When a person dies, with few exceptions most of his or her assets pass on to heirs through a will. In the absence of a will, state law specifies the portions that certain relatives inherit. One exception to this general rule is jointly-owned property. Another exception is the group of instruments that allow beneficiary designations, that is, life insurance, annuities, pensions, and Individual Retirement Accounts.
The beneficiary is the person, group, or other entity designated by the owner to receive the death benefit. The beneficiary has no rights in the policy until the death benefit is payable. The owner can change the beneficiary at any time and as often as desired. This group of assets usually comprises the largest set of assets owned by the decedent. And naming a beneficiary is often done without much forethought. Sometimes this can be a mistake, especially when this action is not coordinated with the estate planning for other assets.

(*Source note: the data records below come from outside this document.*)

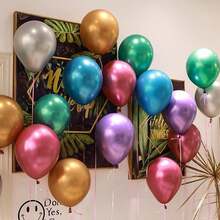 5/10/12 英寸彩色派对气球镀铬金属氦气球适用于生日派对装饰和拱门装饰婚礼生日圣诞派对 - 綠色 - 查看 7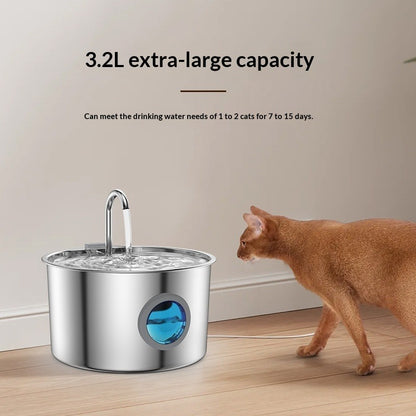 Stainless Steel Cat Water Fountain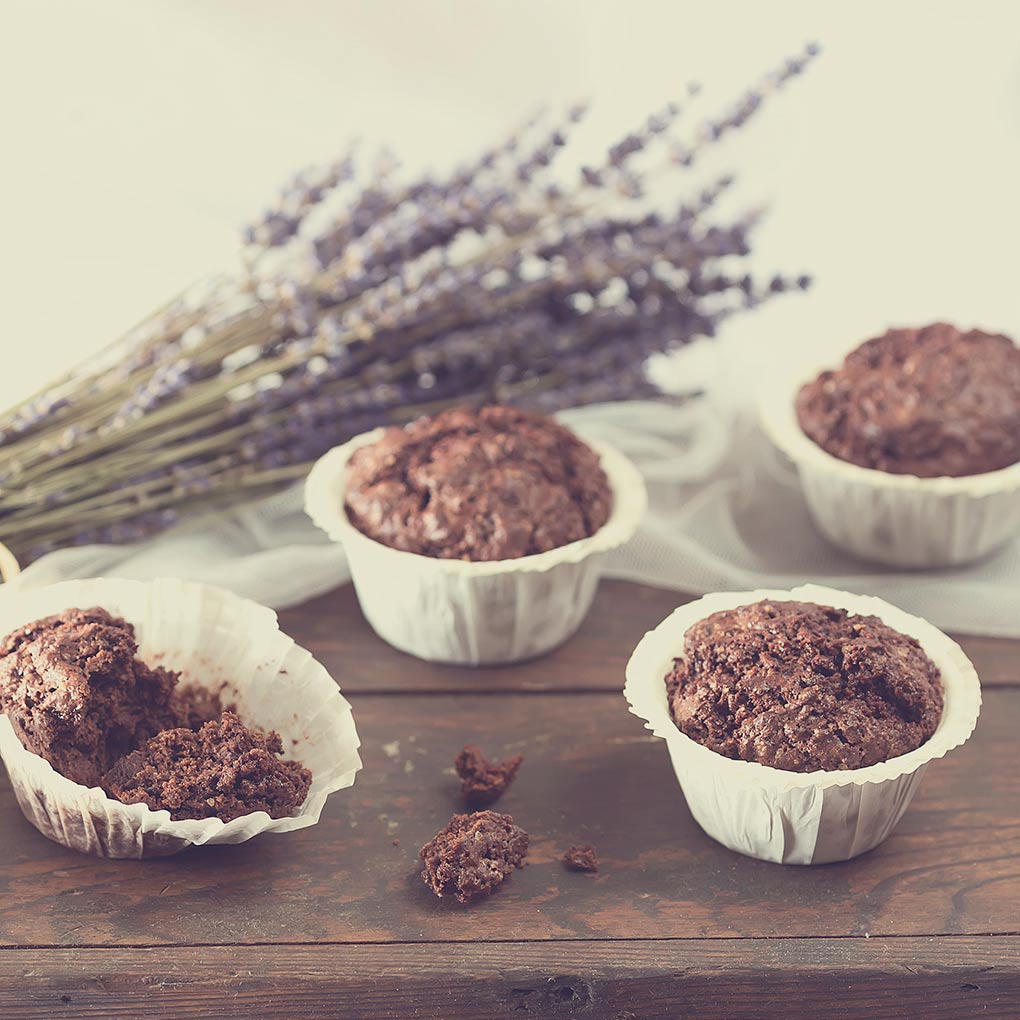 Muffins de chocolate y sorteo de una Fuji Instax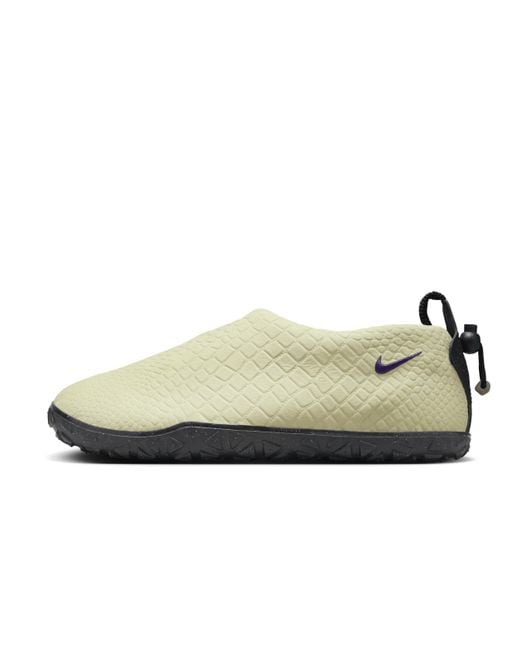 Nike Green Acg Moc Premium Shoes Leather for men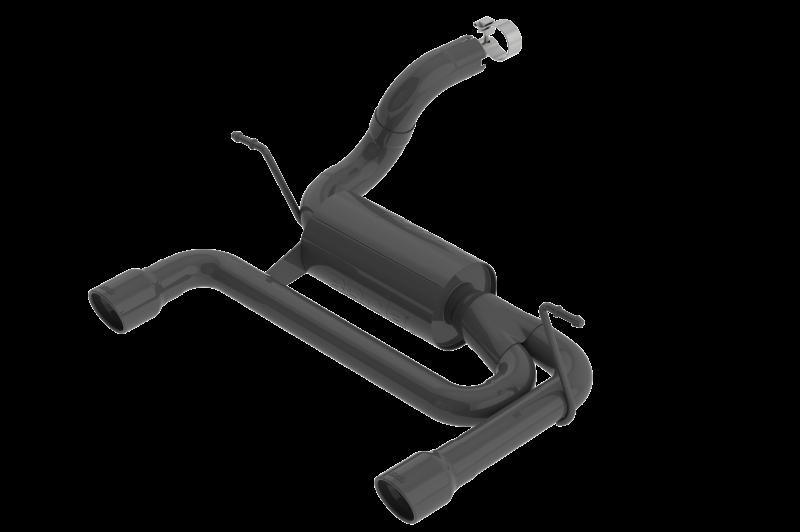 Borla 2018 Jeep Wrangler JL/JLU 3.6L 2DR/4DR ATAK SS Axle Back Black Coated Exhaust w/3.5in Tips - Order Your Parts - اطلب قطعك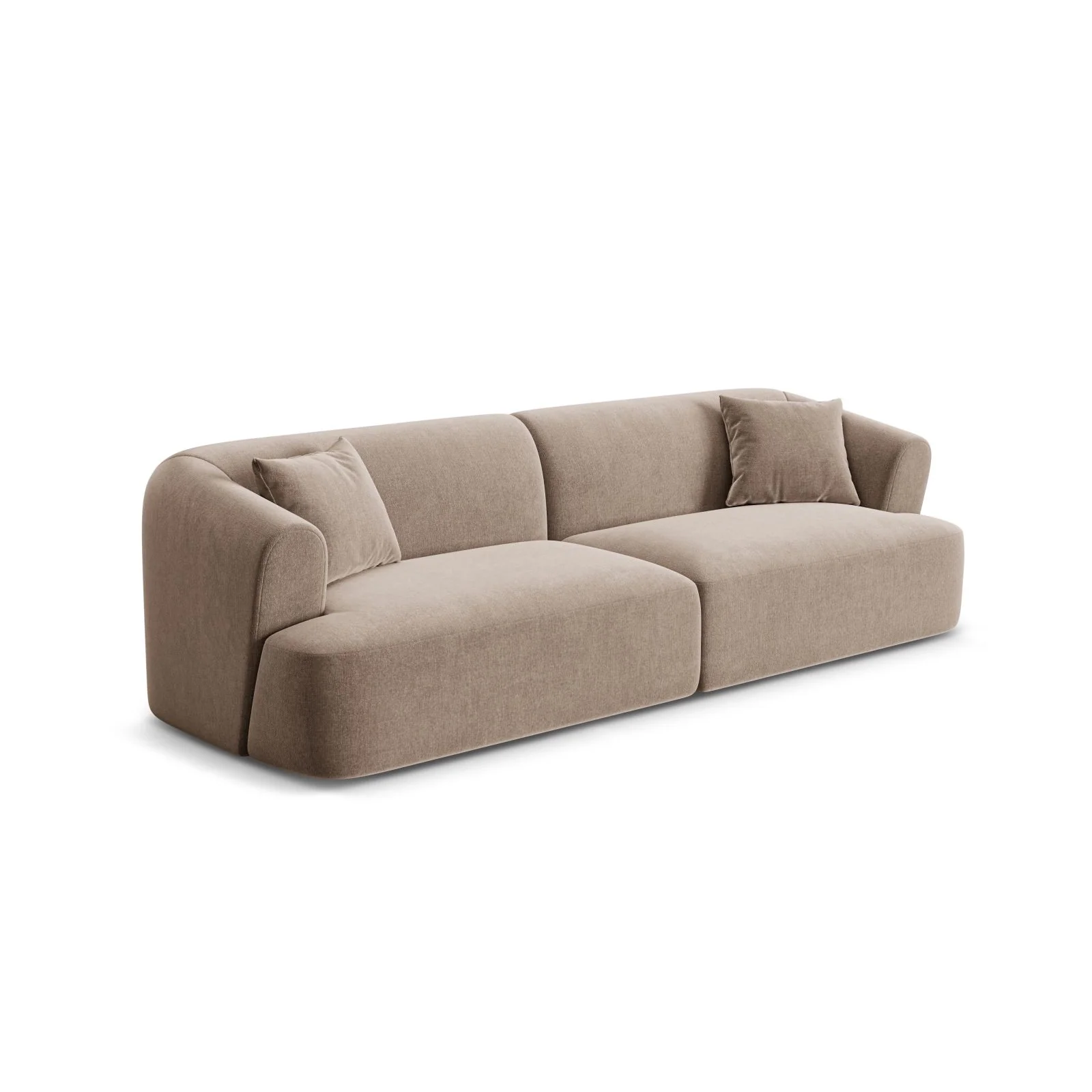 Campi 4-Sitzer Sofa aus Samt, Cord oder Strukturstoff, 255x90x70 cm - Image 10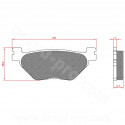 PLAQUETTE DE FREIN MAXISCOOTER BRENTA ADAPT. YAMAHA TMAX 500 2001-2003 / 530-560CC 2008-2024 ARRIERE (HOMOLOGUEE ECE R90) BR3058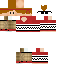 Minecraft skin texture, 64x64 pixels
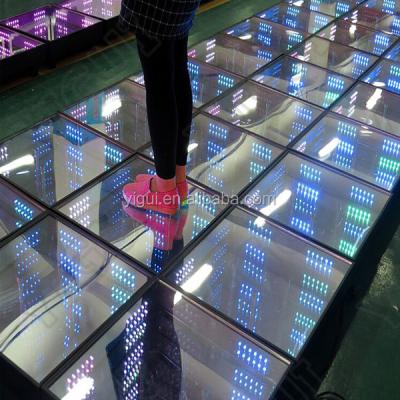 China Wholesale IR Disco Stage Square LED Dance Floor DMX LED Dance Floor Lighting Floor for sale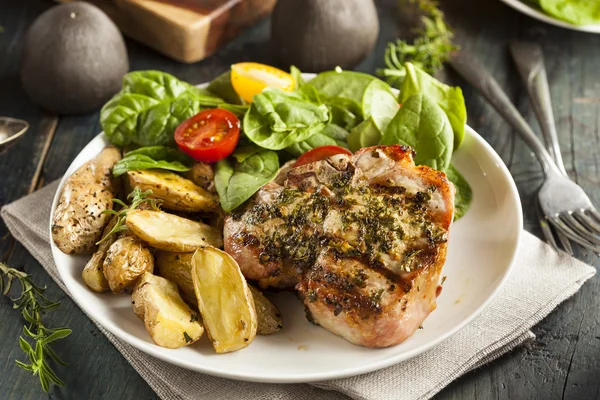 Large Grilled Pork Chop — Stock Photo, Image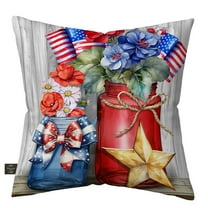 Briarwood Lane American Flowers Indoor/Outdoor Pillow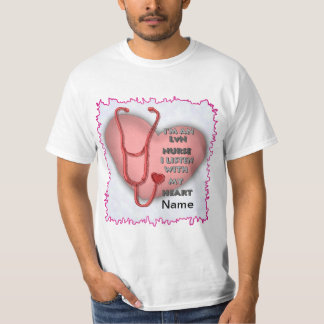 Roter Herz LVN Krankenpfleger T-Shirt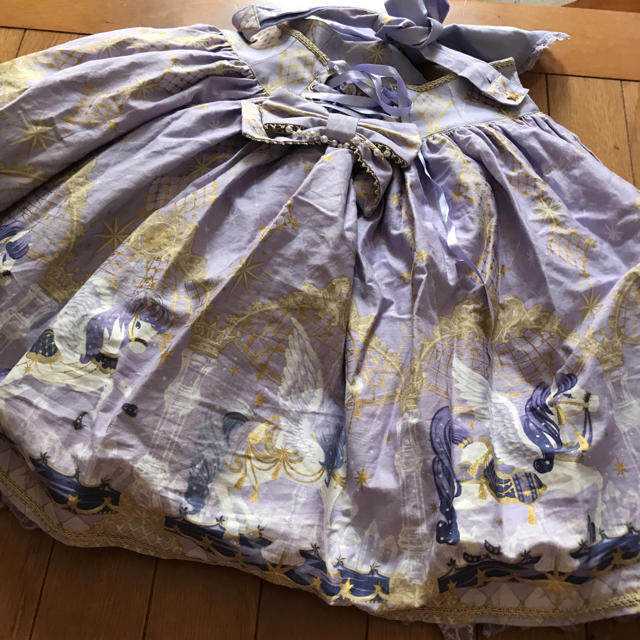 Angelic Pretty(アンジェリックプリティー)のAngelic Pretty ユニコーン柄 ミニスカート ロリィタ 甘ロリ レディースのスカート(ミニスカート)の商品写真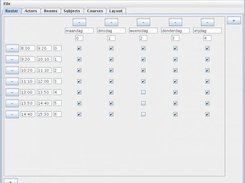 Creating the roster template.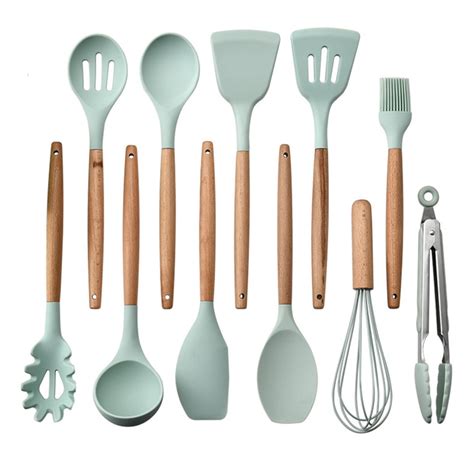 pcs cooking utensils kitchen utensil set silicone kitchenware set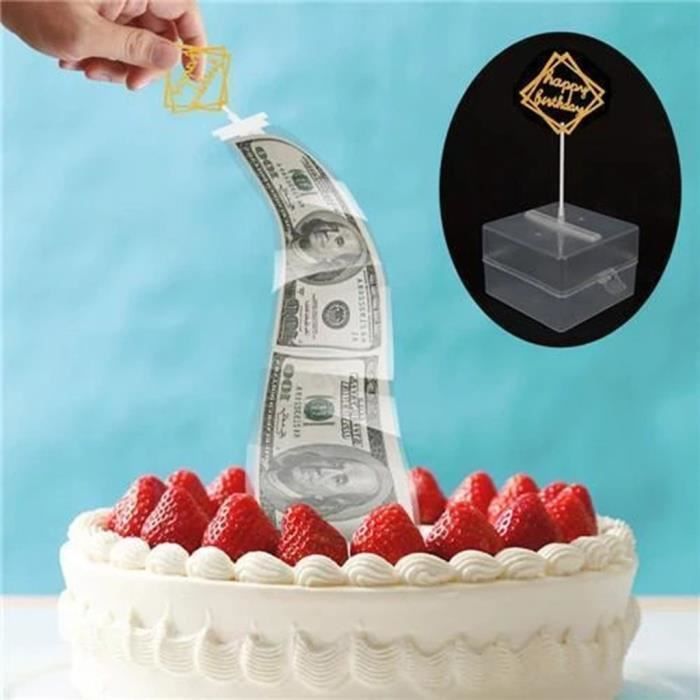 Gateau Atm Joyeux Anniversaire Cake Topper Tirelire Gateau Drole Atm Joyeux Anniversaire Outils De Jardin Geekoko 3671 Cdiscount Jardin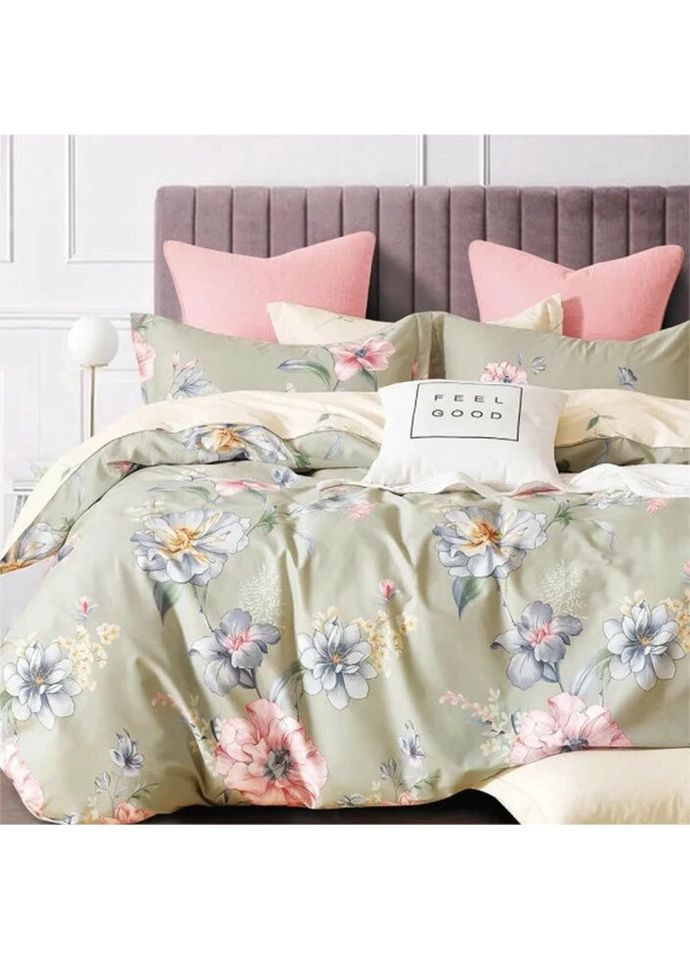 Постельное белье семейное Ранфорс 21148-S 210х143х2 см Viluta (336328590)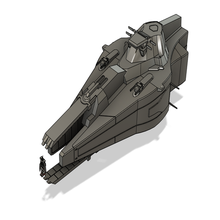 agamemnon-class refit 1 1700 gundam gunpla scale model starship vehicles 3d print model - Mito3D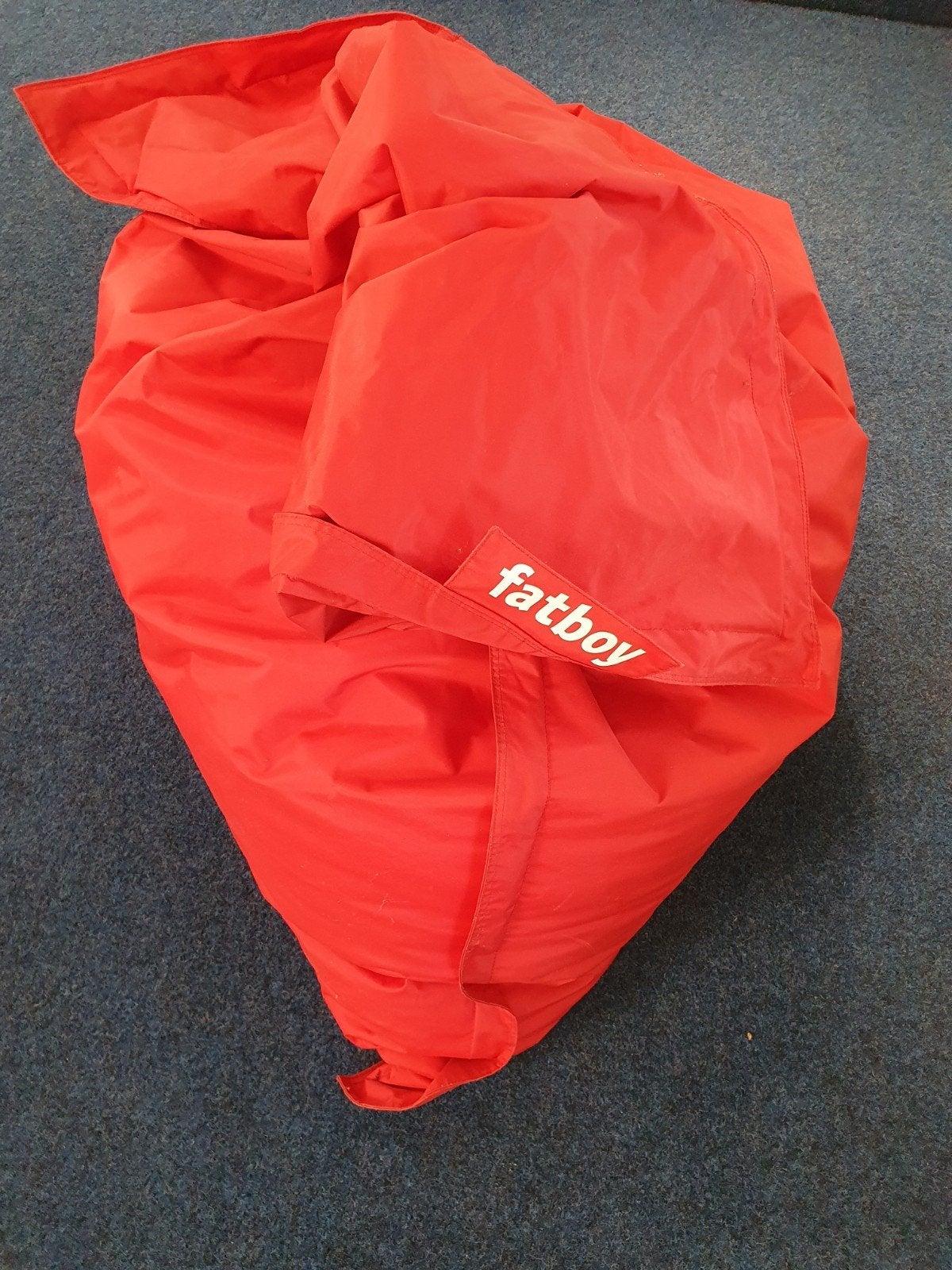 Fatboy zitzak rood, Ophalen, Gebruikt, Rood, Zitzak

Here are a few of the many points to ponder.
In family situations the primary beneficiary is usually one person, often the spouse of the insured. That is a simple choice, incurs no expense, and is the easiest way to get the death benefit into the hands of that person after the insured dies.
But there can be problems with that. What if the beneficiary is so distraught or otherwise not at peace that dealing with a large inflow of cash could overwhelm and lead to costly errors? What if that person is not good at handling money, especially large amounts? And grieving spouses can easily be identified by con artists who often find a way to get the cash.
If the beneficiary is underage or otherwise legally incompetent, a guardian will have to be appointed to oversee the funds, a rigid and costly process.
How about just having the money paid to the estate of the decedent? That way it will follow whatever decisions are made for the rest of the assets that will pass by will. This could help in the estate settlement, providing needed cash to pay taxes, debts, and administration expenses.
Among the shortcomings of this strategy: The proceeds will be subject to probate and administrative expenses that would otherwise have been avoided, Plus, the assets that pass by will are subject to public scrutiny – everybody can read your will. And the proceeds will be available to the claims of the creditors of the decedent. All this is avoided by naming a beneficiary other than the estate.
Some people are confused about income taxes levied on death benefits of annuities and life insurance when each is purchased with after-tax dollars. As for annuities, the portion of the death benefit that represents the after-tax dollars paid into the annuity (the cost basis) is received by the beneficiary tax-free. The balance of the death benefit, representing tax-deferred gain in the contract, is ordinarily taxed to the beneficiary as ordinary income. But in most settings, life insurance proceeds are all received by the beneficiary tax-free, including all the untaxed growth that the cash value has amassed over the years.